In April and May 1886, a wave of workers’ rallies and strikes flooded through American cities. In Chicago, at Haymarket Square, the protests led to a tragedy and a state crime. At the end of a public strikers’ meeting a bomb went off, which killed a number of police agents. Police then attacked the workers. Soon after that, police arrested eight anarchist worker activists. After a show trial, seven of the eight got the death sentence, the remaining one got life imprisonment. One of them killed himself before the execution. In the end, the state hanged four of the other anarchists.

In the following years, the First of May grew into a day of struggle for those eight hours, but also into a day of remembrance for the Haymarket martyrs. Fighting to better the position of workers, and commemoration of those who were killed by state and capital in the struggle: these things belonged together. Both are part of the fight for workers’ liberation, a struggle in which victory means no less than the end of capital and the state.
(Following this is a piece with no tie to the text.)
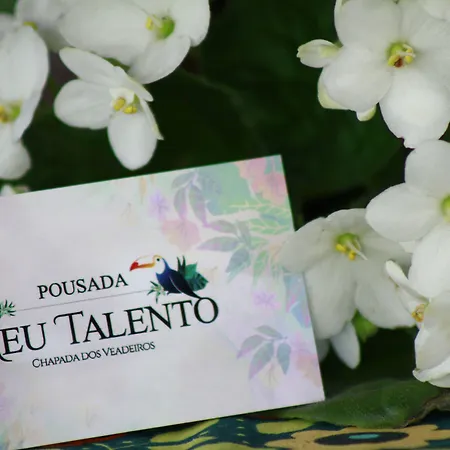 Pousada Meu Talento-2
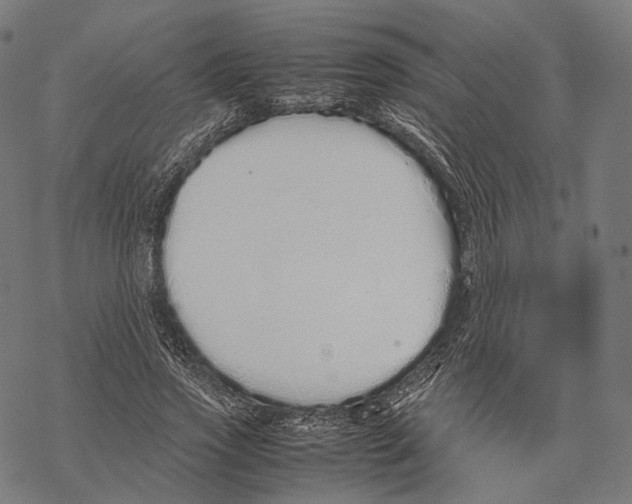 X0000067870733200605111759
Soon, however, the tradition was tamed. Social democrats limited the struggle to a symbolic protest, while they put their cards on elections, taking part in government and very limited reforms within the system. The Bolsheviks who took power in 1917 in the Russian Revolution, turned the First of May into a celebration of the new regime. Their political fellow thinkers in similar regimes did the same. On the First of May, workers in such regimes were allowed to celebrate their own oppression, carried out in their own name. Even fascists took up May Day, as a day to emphasize Labour for the Fatherland. The first country where May Day was declared an official holiday, was Soviet Russia. The second country where this happened, was Nazi Germany. In that way, a tradition that belonged to us was forged into a weapon against us.

All these distortions of what the First of May is about are an attack on and an insult to what it stands for: a fight for bread and freedom. That struggle continued, often underground, often marginalized. In the Netherlands it was especially the Orange tradition of 30 April (for many years the date that the birthday of the queen was celebrated), what encouraged loyalty to the state. This loyalty stands opposite to the solidarity of workers crossing all borders.

Still, there always have been groups that continued to celebrate May Day. Workers and other oppressed stand opposed to capital, the state and their assistants, just as in 1886. We still have working hours that are too long, wages that are too low, irregular, heavy workloads, and public services that are destroyed by austerity. Others still play boss over us and destroy our lives. Protest encounters police violence all too often, sometimes with deadly results. The fight of yesterday is the fight of today, and we need to win that fight.

To stoke up the fighting spirit, to show that worldwide solidarity is alive and kicking, to show that we defend and support each other, whatever our origin, skin colour, gender, sexual orientation might be. That is why we celebrate the First of May. On May 2 we continue the fight! Until this world is liberated from the dictatorship of state, capital and everything that keeps us in subjection.